Related articles |
---|
[10 earlier articles] |
Re: Parsing partial sentences martin@gkc.org.uk (Martin Ward) (2017-04-11) |
Re: Parsing partial sentences gneuner2@comcast.net (George Neuner) (2017-04-11) |
Re: Parsing partial sentences DrDiettrich1@netscape.net (Hans-Peter Diettrich) (2017-04-12) |
Re: Parsing partial sentences DrDiettrich1@netscape.net (Hans-Peter Diettrich) (2017-04-20) |
Re: Parsing partial sentences gneuner2@comcast.net (George Neuner) (2017-04-21) |
Re: Parsing partial sentences walter@bytecraft.com (Walter Banks) (2017-04-27) |
Re: Parsing partial sentences 686-678-9105@kylheku.com (Kaz Kylheku) (2017-04-27) |
Re: Parsing partial sentences DrDiettrich1@netscape.net (Hans-Peter Diettrich) (2017-04-28) |
Re: Parsing partial sentences rugxulo@gmail.com (2017-04-28) |
Re: Parsing partial sentences marcov@toad.stack.nl (Marco van de Voort) (2017-04-29) |
Re: Parsing partial sentences 686-678-9105@kylheku.com (Kaz Kylheku) (2017-04-30) |
From: | Kaz Kylheku <686-678-9105@kylheku.com> |
Newsgroups: | comp.compilers |
Date: | Thu, 27 Apr 2017 19:08:09 +0000 (UTC) |
Organization: | Aioe.org NNTP Server |
References: | 17-04-001 17-04-023 |
Injection-Info: | miucha.iecc.com; posting-host="news.iecc.com:2001:470:1f07:1126:0:676f:7373:6970"; logging-data="66276"; mail-complaints-to="abuse@iecc.com" |
Keywords: | parse |
Posted-Date: | 27 Apr 2017 21:15:16 EDT |
On 2017-04-27, Walter Banks <walter@bytecraft.com> wrote:
> On 2017-04-03 3:57 AM, Hans-Peter Diettrich wrote:
>> Is there an easy way to parse e.g. C #defines into constants,
>> functions or other non-terminals, which are not the goal of the
>> entire grammar?
>
> In a word NO. #defines are always strings even when they look like
> constants, something I have found out the hard way. There have only been
> two ways that I have successfully dealt with #defines: a preprocessor
> pass or later and much faster pipeline the processing of C source and
> add the defined definition processing into part of the source fetch
> handling.
If we allow Pascal to be extended with a macro preprocessor,
I believe I could design a system for translating C to Pascal which
handles some macros, translating them to Pascal macros. Even some
macros that "break" syntactic boundaries, such as "list_for_each (var,
list) { block }".
I don't believe such a project has any value beyond getting
a pat on the back from another developer; I wouldn't spend any
time on such a thing. The end result might well be rejected by some
Pascal users, due to requiring the extended dialect, whether on
ideological grounds, or on practical issues with tooling (being able to
get the preprocessor running in a given Pascal development environment).

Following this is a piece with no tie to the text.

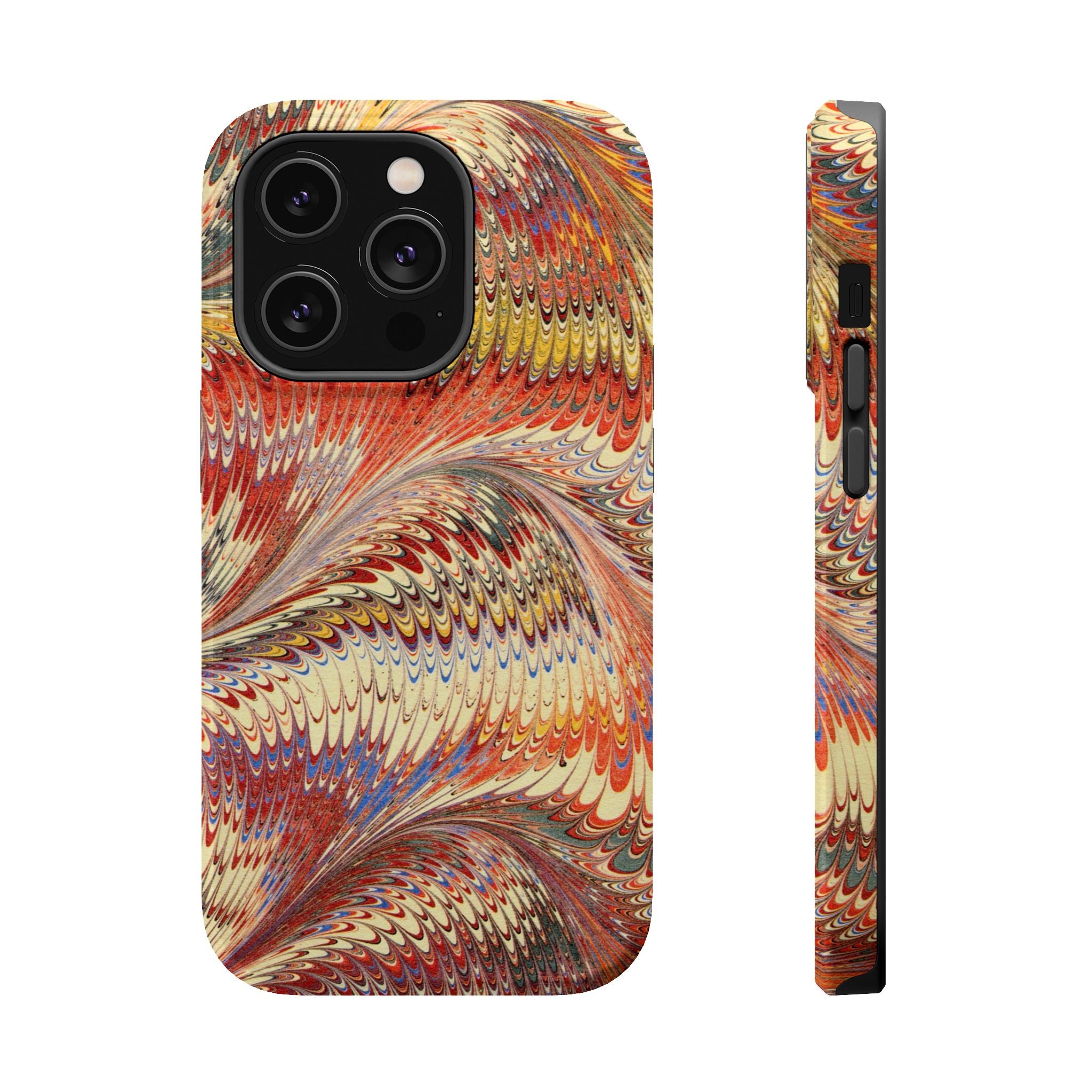 Rust + Gold Italian Marbled Design Magnetic MAG SAFE - Dual Layer Case - Glossy or Matte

Here is a very high level sketch of the approach:
- We preprocess the C translation unit fully before parsing it.
- However, we use our own specialized C preprocessor which is
tightly integrated into our translator.
- Our specialized C preprocessor carefully tracks, in detail
the origin of every piece of syntax, to the macro which
substituted that syntax, either as an argument or as body
material.
- As our parser is analyzing the code, it preserves this information
in the abstract syntax tree: every tree fragment, if it
was the result of a macro expansion, is tracked to the
macro call. We also know that an entire node was the result
of a macro call, and what that macro call looked like.
- When we output the Pascal translation, if a tree node was the
result of a macro call (a macro call that we we were successfully
able to treat with our magic algoirthms) then rather than outputting
the Pascal translation of that tree node, we output the macro
call syntax (remembering that our Pascal dialect has a preprocessor
to handle that).
- We have a magic algorithm for reconstructing Pascal versions
of macro bodies which works roughly like this:
- When we translate a tree node from C to Pascal, if that tree node
came from macrology, we keep track of which Pascal fragments
correspond to C fragments.
- We then reverse the macrology: we analyze the Pascal and see which
fragments correspond to C material that came from a macro body,
and which came from substitution of macro arguments and such.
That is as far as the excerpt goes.